On May 1, May Day, about 75 Safeway workers, union officials and supporters rallied at a busy intersection across from Vancouver City Hall and outside City Square Safeway, one of 10 Safeway stores in Metro Vancouver and the Fraser Valley that are being closed by the owner, Sobey's.

Since Sobey's 2013 takeover of Safeway in Western Canada the company has closed over 50 grocery stores besides the pending closures. In 2016 Sobey's closed its Coquitlam branch of Thrifty's, the company's other BC chain.

On January 23, 660 Safeway workers, members of United Food and Commercial Workers (UFCW) Local 1518 received termination letters shortly before negotiations on behalf of 4,500 Local 1518 members employed by Safeway throughout BC were slated to begin between the union and Sobeys for a new collective agreement. The company later announced that it would consider reopening five of the stores scheduled for closure under its FreshCo discount banner if it receives the anti worker concessions it is demanding. Safeway is the anchor tenant of the City Square Mall and some people believe closure of the store will result in closure of the mall and redevelopment of the site with condo towers. Over 100 workers are employed at the City Square Safeway.
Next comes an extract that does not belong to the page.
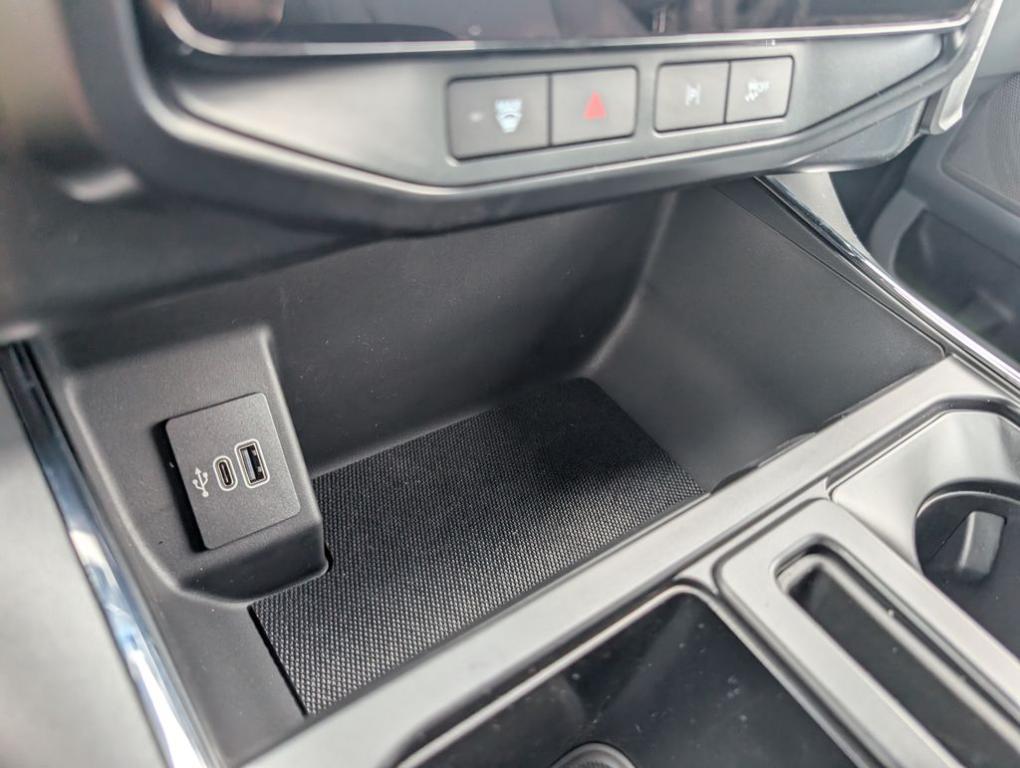 new 2025 Ford F-150 Lightning car, priced at $64,601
Demonstrators held aloft placards with their demands. Banners of the Hospital Employees Union, Canadian Union of Public Employees,and the International Union of Longshoremen and Warehousemen Union were present. The rally was addressed by the president of the Vancouver and District Labour Council who outlined the history of MayDay as well as several union representatives. Kim Novak secretary treasurer of Local 1518 told the rally that the union considers the termination notices an illegal lockout. "We are not going away so the company better start talking to us". The rally concluded with shouting of slogans such as "What do we want? Respect!" and "What do we want? Save Our Safeway!"

Novak told Workers' Forum that the rally was just the first step in the campaign for a new collective agreement and to cancel the closures. A leafleting drive will be next. An article from Workers' Forum entitled "Whose Economy? Who Decides? Sobeys Attacks Workers and Economy" was distributed to participants and passers by.